# Looking for a place in Ogden, UT



## Strikes (Jun 4, 2013)

Hello all, 

I'm not new to the site, but when I made my account I was deployed and just very interested in Martial Arts.  I am now located in Ogden, UT and was wondering if anyone could recommend a good place?

I think I'd like to learn a style of Karate or TKD, I have found a couple places but I'm not sure if they are good or not, and I don't want a place that is more geared towards kids.  I am 26, about 140lbs and 5'10".  I'm pretty flexible but I'm sure that can improve, and I'd like to learn more for self defense over sport (although I know TKD is more sport driven).

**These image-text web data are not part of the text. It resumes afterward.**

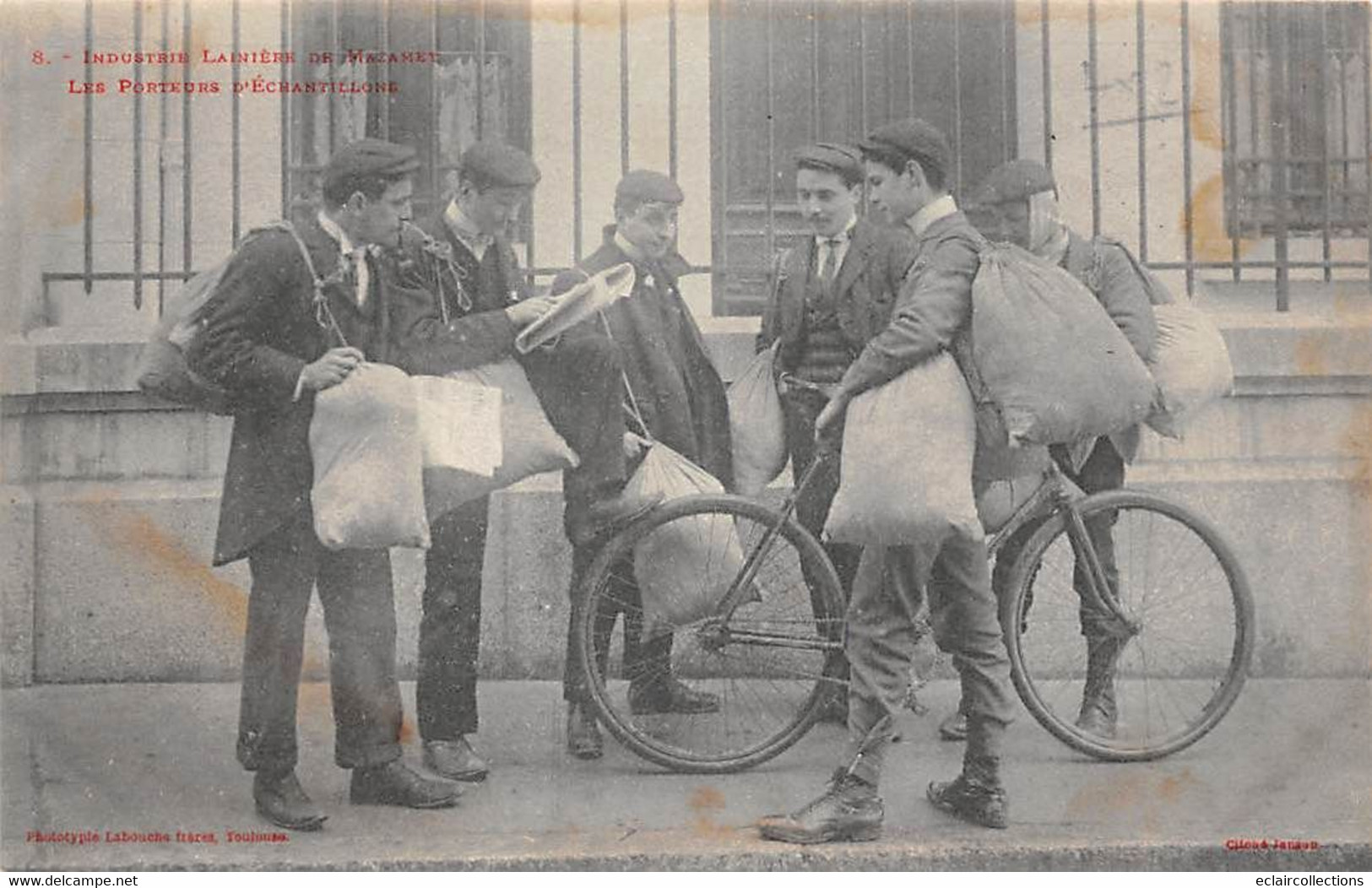 Mazamet            81     Industrie Lainière :     Les Porteurs D'échantillons Dont Cycliste        N° 8     (voir Scan) - Mazamet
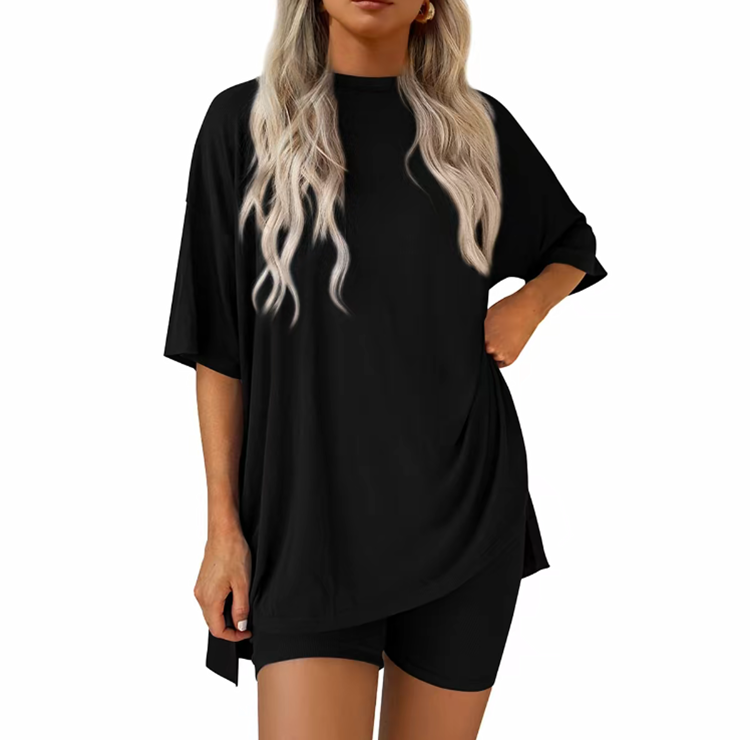 Women's Printed Casual Sporty Round Neck Drawstring Short Sleeve and Long Pants Two-Piece Set
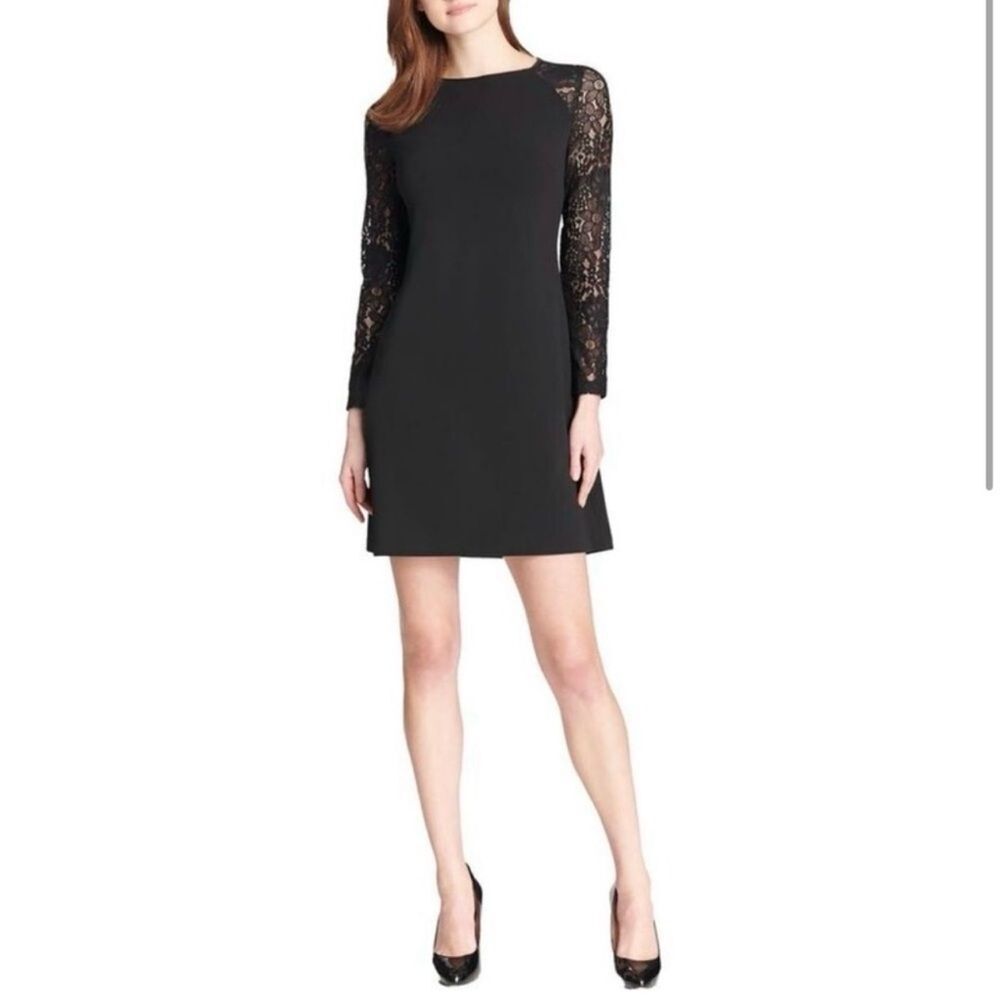 Tommy Hilfiger Black Lace-Sleeve Long-Sleeve Shift Dress Mini LBD 6 Flattering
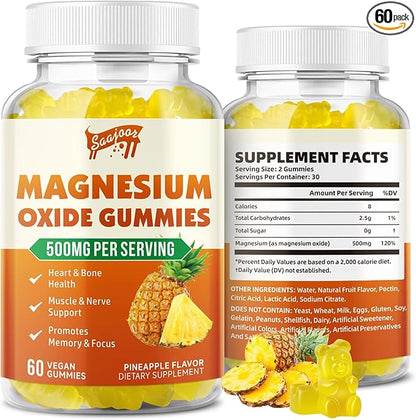 Magnesium Oxide 500mg Gummies for Adults & Kids, Supports Nerve Muscle & Bone Health, Vegan Non-GMO Dietary Supplement with Pineapple Flavor, 60 Gummies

Here's a couple places I found (can't find any Karate places for adults really)
http://www.modtaekwondoutah.com/
http://www.ogdentkd.com/index1.asp

Thanks guys,
I love the info here.
~Quinn


----------



## Strikes (Jun 5, 2013)

Anyone know about any schools out here?  I'm open to other MA's as well, I'd love to find a good Hapkido place or something along those lines as well.  I have very basic training in EPAK, but found that it was mostly right handed (I'm left), and the typical "if this happens, do this" which I've heard is bad because not all punches will be the same etc..


----------



## Strikes (Jun 5, 2013)

I also found this place, but can't find much on the style: http://www.utahkarateinstitute.com/index.html


----------